А вот подполковник Прохорович вообще был внештатным корреспондентом в окружной газете «На боевом посту». Однажды он брал интервью у героя Гражданской войны Семена Михайловича Буденного и подробно рассказал нам об этом. У Буденного в это время был юбилей, он еще, как говорится, ходил на своих ногах, хотя ему помогали прикрепленный к нему офицер и жена Мария Васильевна, моложе его на много лет. Буденный похвастался Прохоровичу: «Я-то еще ой-ой-ой, а вот Ворошилов совсем дурак, совсем дурак!» Обижался он на Хрущева, который не разрешает выпустить его книгу воспоминаний о Гражданской войне, настаивая, чтобы он включил его в число бойцов, сражавшихся в рядах Первой конной. Буденный возмущался, как он может это сделать, когда Хрущева там и в помине не было. Он рассказал, что Василий Сталин мечтал быть таким же наездником, как Буденный, и в юности часто катался на лошадях в кавалерийском училище имени Буденного, находившемся на улице Воровского. Там же катались и сыновья Микояна. Василий обожал лошадей, просил отца купить лошадь, но, как сказал Буденный, Сталин был очень честный, дорожил своим авторитетом и не хотел, чтобы говорили, что он балует сына. «Вот заработает сам, пусть и покупает!» — говорил он. Но с 1936 года Василий увлекся полетами Чкалова и решил стать военным летчиком.

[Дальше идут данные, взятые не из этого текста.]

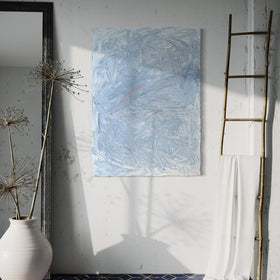 A blue and white textured painting hangs on a white wall above a blue tiled floor. A decorative ladder leans to the right and ceramic pot with branches and mirror are to the left.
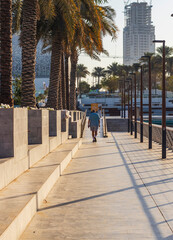 Dubai, UAE - 02.11.2022 - Senior person walking in the morning at Dubai creek harbour area. City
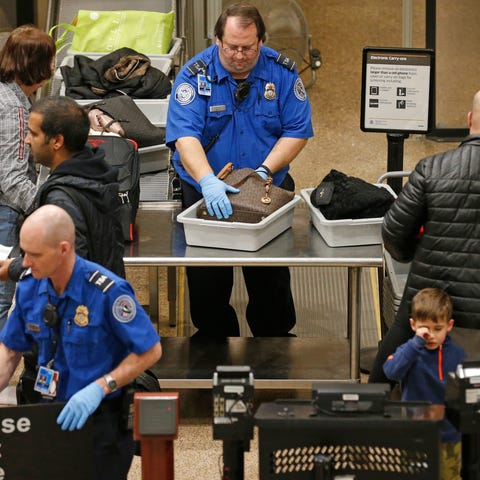 A TSA worker helps passengers at the Salt Lake Cit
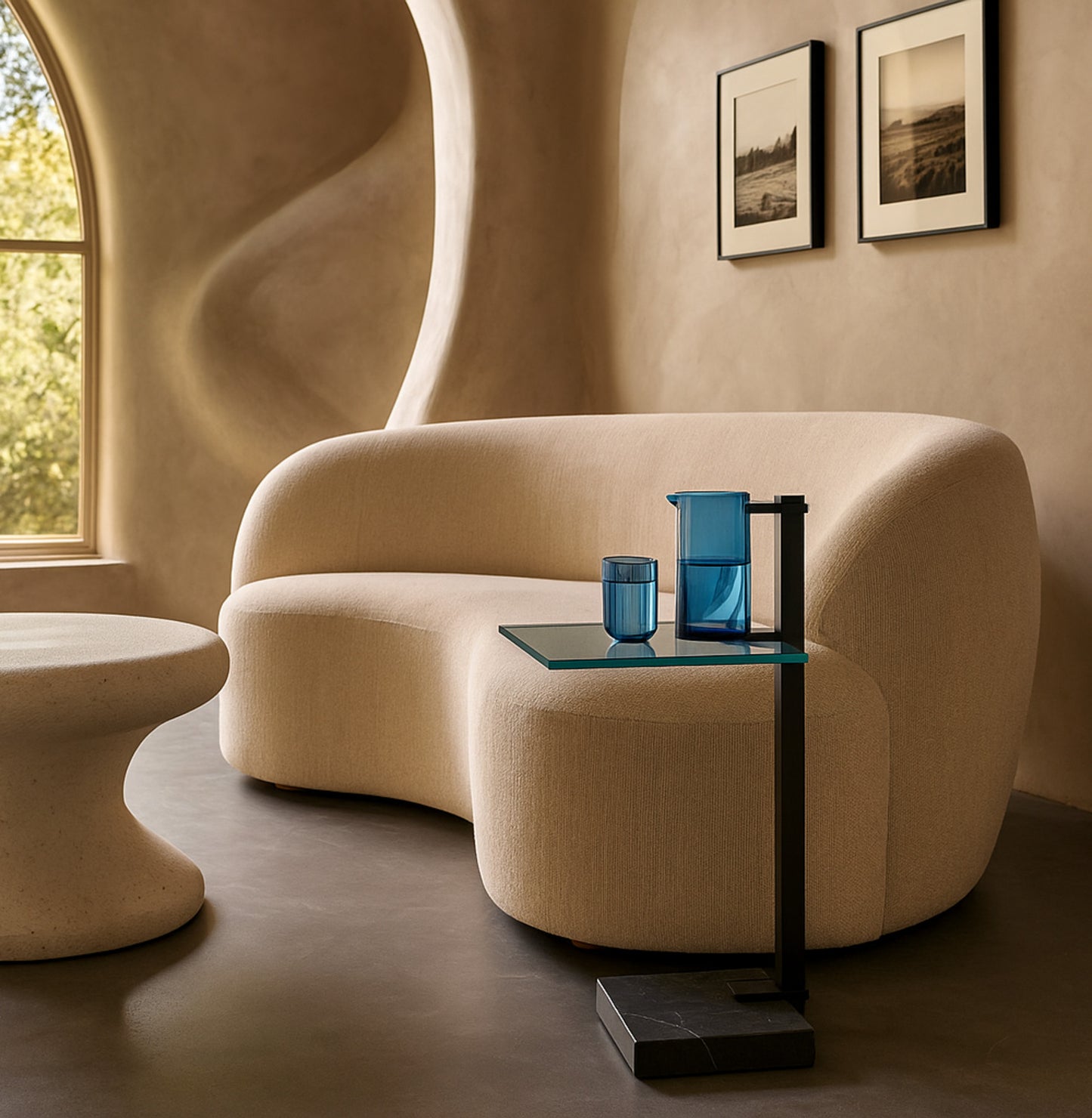 Beige sofa with a small table and blue glasses in a room with wavy beige walls and framed pictures.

Я приглашала к нам в отдел и профессиональных журналистов, например известного в ту пору Александра Давыдовича Брянского. Он очень ярко излагал о старой Москве, Ленине, которого видел на Красной площади, часто встречался с Дзержинским. Много рассказывал о Гражданской войне, в которой участвовал, где его называли Сашей Красным (это был его литературный псевдоним). Привез на лекцию фото: он в группе участников Гражданской войны, а в первом ряду стоит В.И. Ленин. Я ездила за Брянским к нему домой, в район Патриарших прудов. В квартире на стене висел его большой портрет — «Саша Красный». После лекции отвезла его домой, помогла добраться до квартиры, ему было уже под 100 лет. Умер он в возрасте 109 лет.
Кроме того, я каждую неделю проводила политинформацию, готовилась тщательно, привлекала к этому сотрудников, особенно участников войны. Помню, Иван Дмитриевич Изряднов рассказывал, что на войне он был танкистом. Однажды в боях за Сталинград танковая дивизия, в которой служил, столкнулась с немецкими танками. Машины были подбиты, и танкисты, наши и немецкие, раненые и контуженые, вылезли из танков и сражались врукопашную. После этого боя Изряднов попал в госпиталь, оттуда его направили в военное училище, а затем в особый отдел НКВД.
Раз в месяц проводила лекции. Мне это нравилось, я испытывала большое вдохновение и чувствовала себя как рыба в воде. Конечно, самой приходилось бывать на лекциях пропагандистов, где узнавали то, о чем газеты умалчивали. В то время по радио и телевидению транслировали все съезды партии, на политзанятиях мы сдавали экзамены на знание отчетных докладов. Все принимали за правду, верили в лучшее будущее, шли к коммунизму.